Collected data
________________

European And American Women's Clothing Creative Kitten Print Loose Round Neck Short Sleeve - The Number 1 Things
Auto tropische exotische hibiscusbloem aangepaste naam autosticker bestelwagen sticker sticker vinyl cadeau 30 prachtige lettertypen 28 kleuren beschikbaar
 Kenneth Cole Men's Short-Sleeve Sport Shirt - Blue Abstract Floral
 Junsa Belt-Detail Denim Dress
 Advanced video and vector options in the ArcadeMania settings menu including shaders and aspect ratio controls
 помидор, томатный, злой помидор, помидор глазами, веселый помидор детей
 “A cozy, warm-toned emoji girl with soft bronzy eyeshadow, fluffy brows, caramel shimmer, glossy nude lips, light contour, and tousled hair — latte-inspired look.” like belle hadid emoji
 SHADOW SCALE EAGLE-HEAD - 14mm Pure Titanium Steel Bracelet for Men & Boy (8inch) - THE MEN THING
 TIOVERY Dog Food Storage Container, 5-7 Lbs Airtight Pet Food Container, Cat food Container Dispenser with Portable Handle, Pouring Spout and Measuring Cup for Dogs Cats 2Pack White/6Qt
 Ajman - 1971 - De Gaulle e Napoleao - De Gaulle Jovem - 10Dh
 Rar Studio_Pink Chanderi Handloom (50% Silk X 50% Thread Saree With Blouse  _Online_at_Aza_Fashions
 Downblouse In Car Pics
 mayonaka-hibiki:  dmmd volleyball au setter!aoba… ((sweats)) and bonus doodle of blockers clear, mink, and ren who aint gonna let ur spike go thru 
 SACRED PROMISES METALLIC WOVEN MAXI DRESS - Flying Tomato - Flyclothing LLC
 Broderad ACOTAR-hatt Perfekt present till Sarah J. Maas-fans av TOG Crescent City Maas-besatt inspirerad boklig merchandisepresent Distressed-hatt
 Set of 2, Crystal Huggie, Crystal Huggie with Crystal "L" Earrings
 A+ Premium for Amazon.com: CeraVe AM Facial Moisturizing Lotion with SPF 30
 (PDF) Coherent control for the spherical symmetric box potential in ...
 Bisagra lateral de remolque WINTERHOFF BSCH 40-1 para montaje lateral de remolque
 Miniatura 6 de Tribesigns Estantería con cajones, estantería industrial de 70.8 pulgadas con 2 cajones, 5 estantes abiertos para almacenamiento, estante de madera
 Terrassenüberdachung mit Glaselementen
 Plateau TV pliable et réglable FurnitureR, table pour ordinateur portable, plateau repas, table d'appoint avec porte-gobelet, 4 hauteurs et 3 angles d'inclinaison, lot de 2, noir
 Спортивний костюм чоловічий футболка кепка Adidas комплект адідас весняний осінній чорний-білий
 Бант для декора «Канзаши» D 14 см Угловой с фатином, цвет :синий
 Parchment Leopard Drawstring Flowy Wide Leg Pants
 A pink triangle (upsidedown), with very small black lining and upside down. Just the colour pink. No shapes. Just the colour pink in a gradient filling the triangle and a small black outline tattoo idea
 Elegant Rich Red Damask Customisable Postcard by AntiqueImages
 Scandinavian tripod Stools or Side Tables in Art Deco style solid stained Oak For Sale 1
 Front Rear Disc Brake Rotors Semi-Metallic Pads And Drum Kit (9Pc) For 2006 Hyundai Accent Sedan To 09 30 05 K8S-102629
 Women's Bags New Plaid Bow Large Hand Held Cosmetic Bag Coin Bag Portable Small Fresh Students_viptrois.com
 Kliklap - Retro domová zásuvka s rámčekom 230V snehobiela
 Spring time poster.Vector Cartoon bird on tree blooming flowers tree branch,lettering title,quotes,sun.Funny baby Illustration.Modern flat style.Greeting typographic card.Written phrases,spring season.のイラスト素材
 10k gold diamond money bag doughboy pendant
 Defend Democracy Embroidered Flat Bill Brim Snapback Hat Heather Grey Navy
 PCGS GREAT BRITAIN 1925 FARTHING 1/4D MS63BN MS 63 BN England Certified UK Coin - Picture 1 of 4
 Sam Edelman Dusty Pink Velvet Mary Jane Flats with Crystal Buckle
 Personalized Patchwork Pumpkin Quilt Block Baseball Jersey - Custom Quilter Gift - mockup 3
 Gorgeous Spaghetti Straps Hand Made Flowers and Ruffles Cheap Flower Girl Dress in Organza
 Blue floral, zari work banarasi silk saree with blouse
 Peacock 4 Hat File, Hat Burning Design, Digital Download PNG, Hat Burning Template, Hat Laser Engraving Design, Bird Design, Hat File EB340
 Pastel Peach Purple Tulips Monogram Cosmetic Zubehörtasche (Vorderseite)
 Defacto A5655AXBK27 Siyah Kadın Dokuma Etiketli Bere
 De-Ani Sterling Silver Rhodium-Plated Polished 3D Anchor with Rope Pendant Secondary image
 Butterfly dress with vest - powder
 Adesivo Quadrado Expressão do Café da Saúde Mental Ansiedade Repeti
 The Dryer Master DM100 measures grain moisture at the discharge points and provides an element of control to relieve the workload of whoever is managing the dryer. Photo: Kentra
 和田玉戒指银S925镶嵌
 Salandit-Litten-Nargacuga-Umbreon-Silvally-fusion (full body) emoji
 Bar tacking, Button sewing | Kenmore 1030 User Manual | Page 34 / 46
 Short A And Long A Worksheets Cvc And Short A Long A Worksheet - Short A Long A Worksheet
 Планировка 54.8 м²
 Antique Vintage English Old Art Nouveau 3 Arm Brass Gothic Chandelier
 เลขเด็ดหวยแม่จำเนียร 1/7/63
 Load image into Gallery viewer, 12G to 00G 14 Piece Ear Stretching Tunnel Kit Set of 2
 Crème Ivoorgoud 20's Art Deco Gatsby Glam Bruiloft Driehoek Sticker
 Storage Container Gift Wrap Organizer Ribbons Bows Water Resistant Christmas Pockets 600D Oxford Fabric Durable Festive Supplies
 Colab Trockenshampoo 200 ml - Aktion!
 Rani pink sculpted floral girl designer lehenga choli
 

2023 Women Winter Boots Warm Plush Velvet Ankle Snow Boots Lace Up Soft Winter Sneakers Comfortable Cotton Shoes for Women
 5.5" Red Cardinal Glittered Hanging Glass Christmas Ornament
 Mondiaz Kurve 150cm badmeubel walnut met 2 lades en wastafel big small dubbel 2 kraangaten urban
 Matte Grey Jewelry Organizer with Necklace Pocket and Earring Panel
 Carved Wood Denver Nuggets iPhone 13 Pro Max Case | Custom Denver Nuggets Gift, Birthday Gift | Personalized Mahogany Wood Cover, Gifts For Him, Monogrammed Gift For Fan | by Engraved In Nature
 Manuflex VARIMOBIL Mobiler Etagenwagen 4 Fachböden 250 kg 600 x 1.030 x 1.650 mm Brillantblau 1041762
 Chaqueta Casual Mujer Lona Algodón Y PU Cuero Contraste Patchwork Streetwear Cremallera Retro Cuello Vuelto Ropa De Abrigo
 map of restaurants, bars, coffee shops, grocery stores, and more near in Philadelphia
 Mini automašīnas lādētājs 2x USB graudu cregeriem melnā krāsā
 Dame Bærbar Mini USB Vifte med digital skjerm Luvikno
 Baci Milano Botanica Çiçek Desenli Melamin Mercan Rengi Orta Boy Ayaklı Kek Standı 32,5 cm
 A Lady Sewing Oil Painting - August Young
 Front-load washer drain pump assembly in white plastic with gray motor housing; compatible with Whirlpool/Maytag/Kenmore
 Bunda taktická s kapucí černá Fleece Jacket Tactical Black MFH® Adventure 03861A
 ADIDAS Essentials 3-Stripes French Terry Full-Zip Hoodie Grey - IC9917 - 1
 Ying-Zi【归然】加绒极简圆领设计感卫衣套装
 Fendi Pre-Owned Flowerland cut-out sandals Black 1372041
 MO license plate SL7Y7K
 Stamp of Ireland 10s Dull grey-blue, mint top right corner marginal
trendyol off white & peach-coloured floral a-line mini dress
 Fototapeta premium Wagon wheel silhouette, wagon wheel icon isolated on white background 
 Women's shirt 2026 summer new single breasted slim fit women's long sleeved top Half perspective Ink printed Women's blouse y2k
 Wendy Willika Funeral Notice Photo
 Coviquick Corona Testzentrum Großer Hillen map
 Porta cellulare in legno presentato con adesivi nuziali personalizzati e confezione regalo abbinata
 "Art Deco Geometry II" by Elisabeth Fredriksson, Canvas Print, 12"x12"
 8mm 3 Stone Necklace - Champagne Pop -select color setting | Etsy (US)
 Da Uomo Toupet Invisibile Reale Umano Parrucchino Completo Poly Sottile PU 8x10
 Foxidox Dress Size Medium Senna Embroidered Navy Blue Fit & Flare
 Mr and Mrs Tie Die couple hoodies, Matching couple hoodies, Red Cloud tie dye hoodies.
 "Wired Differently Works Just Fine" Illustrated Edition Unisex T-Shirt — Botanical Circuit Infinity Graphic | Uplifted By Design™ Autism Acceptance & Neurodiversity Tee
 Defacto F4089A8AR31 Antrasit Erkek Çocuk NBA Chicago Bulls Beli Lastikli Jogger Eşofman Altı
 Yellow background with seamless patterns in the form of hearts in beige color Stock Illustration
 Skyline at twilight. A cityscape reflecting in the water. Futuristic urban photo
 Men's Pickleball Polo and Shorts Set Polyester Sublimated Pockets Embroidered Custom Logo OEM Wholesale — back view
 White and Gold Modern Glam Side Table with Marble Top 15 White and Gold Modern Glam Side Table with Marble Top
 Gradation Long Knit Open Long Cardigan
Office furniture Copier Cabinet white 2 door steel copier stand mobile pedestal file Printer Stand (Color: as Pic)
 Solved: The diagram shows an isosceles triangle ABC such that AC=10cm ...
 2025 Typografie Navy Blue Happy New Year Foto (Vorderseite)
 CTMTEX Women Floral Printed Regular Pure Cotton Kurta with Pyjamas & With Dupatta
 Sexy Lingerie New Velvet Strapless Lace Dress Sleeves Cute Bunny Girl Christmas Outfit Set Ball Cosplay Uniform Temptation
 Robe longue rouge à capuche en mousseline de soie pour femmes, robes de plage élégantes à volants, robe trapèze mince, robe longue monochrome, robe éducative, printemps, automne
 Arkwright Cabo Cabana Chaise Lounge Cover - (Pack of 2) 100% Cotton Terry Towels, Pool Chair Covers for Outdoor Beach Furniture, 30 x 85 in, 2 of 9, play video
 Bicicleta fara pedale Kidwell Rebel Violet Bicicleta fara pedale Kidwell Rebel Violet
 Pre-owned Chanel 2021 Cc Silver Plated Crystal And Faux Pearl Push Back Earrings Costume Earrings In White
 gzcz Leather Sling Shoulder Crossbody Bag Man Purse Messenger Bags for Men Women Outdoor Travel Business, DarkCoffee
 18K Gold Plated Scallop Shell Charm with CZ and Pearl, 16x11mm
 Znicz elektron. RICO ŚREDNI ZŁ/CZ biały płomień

________________

WHAT YOU SHOULD DO:
Reproduce the lines above, beginning at the line with "Yellow background with" and stopping after the line with "Arkwright Cabo Cabana", exactly as they are.

ANSWER TO THE PROBLEM:
 Yellow background with seamless patterns in the form of hearts in beige color Stock Illustration
 Skyline at twilight. A cityscape reflecting in the water. Futuristic urban photo
 Men's Pickleball Polo and Shorts Set Polyester Sublimated Pockets Embroidered Custom Logo OEM Wholesale — back view
 White and Gold Modern Glam Side Table with Marble Top 15 White and Gold Modern Glam Side Table with Marble Top
 Gradation Long Knit Open Long Cardigan
Office furniture Copier Cabinet white 2 door steel copier stand mobile pedestal file Printer Stand (Color: as Pic)
 Solved: The diagram shows an isosceles triangle ABC such that AC=10cm ...
 2025 Typografie Navy Blue Happy New Year Foto (Vorderseite)
 CTMTEX Women Floral Printed Regular Pure Cotton Kurta with Pyjamas & With Dupatta
 Sexy Lingerie New Velvet Strapless Lace Dress Sleeves Cute Bunny Girl Christmas Outfit Set Ball Cosplay Uniform Temptation
 Robe longue rouge à capuche en mousseline de soie pour femmes, robes de plage élégantes à volants, robe trapèze mince, robe longue monochrome, robe éducative, printemps, automne
 Arkwright Cabo Cabana Chaise Lounge Cover - (Pack of 2) 100% Cotton Terry Towels, Pool Chair Covers for Outdoor Beach Furniture, 30 x 85 in, 2 of 9, play video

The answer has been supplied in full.